§ Data for the task
^^^^^^^^^^^^^^^^

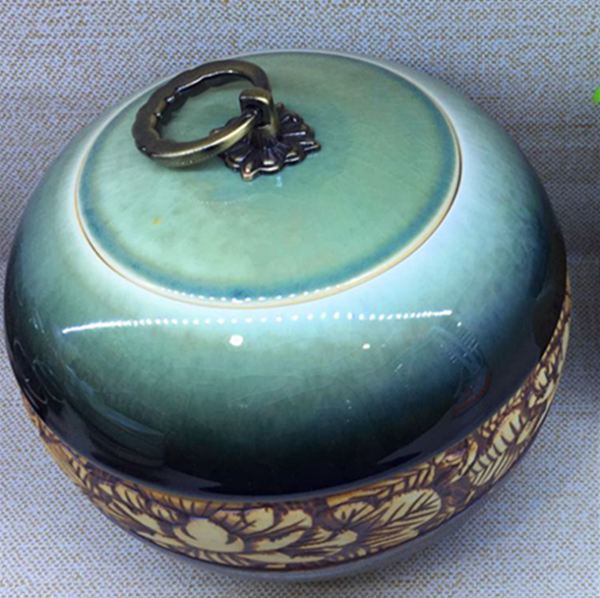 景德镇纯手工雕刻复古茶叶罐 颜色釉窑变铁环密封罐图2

^^^^^^^^^^^^^^^^

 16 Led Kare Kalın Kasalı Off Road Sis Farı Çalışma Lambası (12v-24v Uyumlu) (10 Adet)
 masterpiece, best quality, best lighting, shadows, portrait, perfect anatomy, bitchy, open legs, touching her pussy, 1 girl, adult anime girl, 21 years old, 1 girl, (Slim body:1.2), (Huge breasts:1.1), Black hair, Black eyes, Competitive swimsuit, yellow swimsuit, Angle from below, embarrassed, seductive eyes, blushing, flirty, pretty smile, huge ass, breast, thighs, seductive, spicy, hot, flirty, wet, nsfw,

^^^^^^^^^^^^^^^^

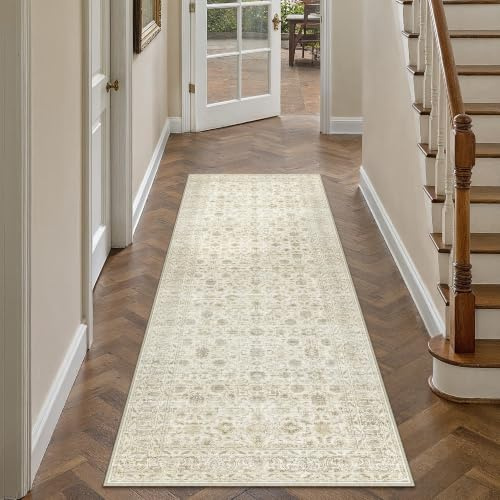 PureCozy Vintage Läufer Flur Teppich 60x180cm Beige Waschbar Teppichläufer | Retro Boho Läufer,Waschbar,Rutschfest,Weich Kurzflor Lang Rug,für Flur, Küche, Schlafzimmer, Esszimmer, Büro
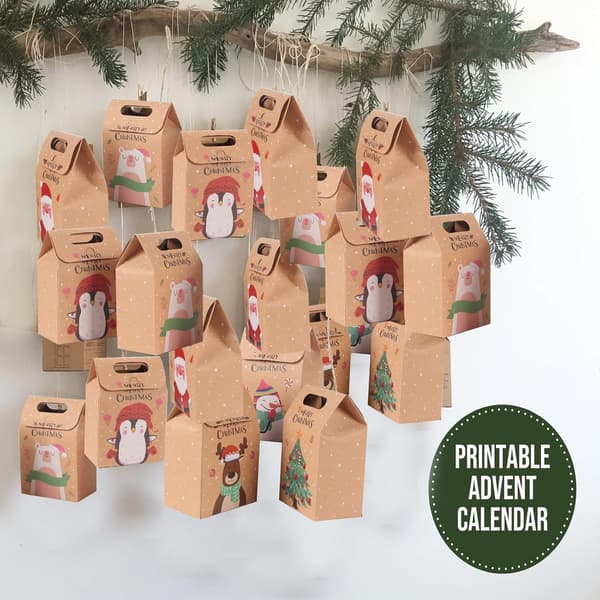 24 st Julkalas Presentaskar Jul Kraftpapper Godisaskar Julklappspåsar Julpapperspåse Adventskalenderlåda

^^^^^^^^^^^^^^^^

§ Task brief
Using the listing above, repeat word for word each line from the one with "PureCozy Vintage Läufer" down to the one with "24 st Julkalas", both included. Omit all pictures.

§ Task answer
 PureCozy Vintage Läufer Flur Teppich 60x180cm Beige Waschbar Teppichläufer | Retro Boho Läufer,Waschbar,Rutschfest,Weich Kurzflor Lang Rug,für Flur, Küche, Schlafzimmer, Esszimmer, Büro
 24 st Julkalas Presentaskar Jul Kraftpapper Godisaskar Julklappspåsar Julpapperspåse Adventskalenderlåda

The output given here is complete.